Feux de camp, feu de paille

Par Jean-François Vandeuren
Il est toujours intrigant de voir deux efforts similaires sur le plan de la forme et/ou du fond voir le jour à l’intérieur d’un court laps de temps. Un phénomène s’avérant d’autant plus particulier lorsqu’il se manifeste dans un marché aussi restreint que celui du cinéma québécois. Il y a trois mois à peine, Rafaël Ouellet revenait à la charge après la consécration de son Camion avec Finissant(e)s, essai dont il nous avait présenté les premières images aussi tôt que lors de l’édition 2010 des Rendez-vous du Cinéma Québécois, laquelle obéit d’ailleurs davantage à la logique narrative plus vaporeuse des premiers essais du réalisateur qu’à celle beaucoup plus calculé de son opus de 2012. Finissant(e)s nous invitait à vivre le dernier été d’un groupe d’adolescents originaires d’une région éloignée de la belle province, de la graduation jusqu’à l’automne qui devait les rapprocher un peu plus de l’âge adulte. La prémisse du présent documentaire de Philippe Lesage est en soi identique à celle du cinquième long métrage de Ouellet, si ce n’est que du lieu investi et des jeunes gens dont il dresse le portrait. Les deux projets se déploient d’autant plus à travers une mise en scène lente et contemplative, celle de Ouellet osant mêler fiction et réalité afin de renforcer son scénario sur le plan dramatique, celle de Lesage s’imposant comme une oeuvre de pure observation. Mais si Ouellet s’acharnait à tasser du revers de la main toutes les épreuves qu’il intégrait à son récit d’une manière aussi peu constructive qu’elle finissait par devenir des plus frustrantes, la proposition de Lesage semble pour sa part tout bonnement incapable d’offrir quoi que ce soit qui soit matière à réflexion.

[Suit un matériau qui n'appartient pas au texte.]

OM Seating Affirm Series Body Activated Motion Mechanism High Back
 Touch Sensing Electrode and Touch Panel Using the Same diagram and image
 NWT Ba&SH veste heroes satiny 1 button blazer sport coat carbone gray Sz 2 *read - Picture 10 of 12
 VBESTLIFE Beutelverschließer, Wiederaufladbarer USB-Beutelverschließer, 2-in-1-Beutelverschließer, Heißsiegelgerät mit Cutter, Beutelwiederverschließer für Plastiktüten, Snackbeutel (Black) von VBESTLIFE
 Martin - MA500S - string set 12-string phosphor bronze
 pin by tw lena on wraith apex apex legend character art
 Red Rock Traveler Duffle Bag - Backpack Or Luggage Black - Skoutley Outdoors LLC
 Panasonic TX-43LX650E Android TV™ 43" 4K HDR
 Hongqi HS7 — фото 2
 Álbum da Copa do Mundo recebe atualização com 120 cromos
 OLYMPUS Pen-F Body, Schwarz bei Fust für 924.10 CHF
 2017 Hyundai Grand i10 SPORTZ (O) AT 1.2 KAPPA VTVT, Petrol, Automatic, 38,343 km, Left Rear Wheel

À l’instar de Finissant(e)s, Laylou amorce lui aussi sa course sur des images de la graduation et du bal des finissants du groupe d’adolescents qu’il accompagnera par la suite tout au long de la saison estivale. Du lot, nous suivons plus particulièrement les frasques de Laurence, dite Lou, et Laurence, dite Laylou, au coeur de leur petite localité située loin des grands centres. À travers des situations on ne peut plus communes, voire banales, Philippe Lesage tente de prendre le pouls de ces adultes en devenir à l’aube de la prochaine grande étape de leur cheminement. Le cinéaste accompagne ses deux sujets et leurs compères tandis qu’ils exercent leur emploi d’été, profitent du beau temps, jouent au soccer, flânent à une fête foraine et se rassemblent le soir venu autour d’un feu de camp tout ce qu’il y a de plus convivial. La démarche narrative - ou plutôt l’absence de - du réalisateur de Ce coeur qui bat paraît dès lors beaucoup trop rudimentaire, voire vide de sens, celle-ci ne se nourrissant que d’extraits de différents événements et de dialogues n’ayant souvent aucune résonance particulière ni utilité cinématographique, si ce n’est que de témoigner du naturel et de la spontanéité caractérisant bien l’ensemble du début à la fin. L’exercice semble du coup tourner en rond et à vide, surtout que son maître d’oeuvre ne marquera le passage du temps que par répétition et énumération. Cette suite de séquences aurait ainsi été assemblée dans un ordre totalement différent que le résultat aurait été essentiellement le même. Chaque scène se révèle alors autosuffisante, n’étant guère indispensable d’un point de vue narratif et ne servant jamais de tremplin pour un quelconque élan autrement plus significatif sur le plan dramatique.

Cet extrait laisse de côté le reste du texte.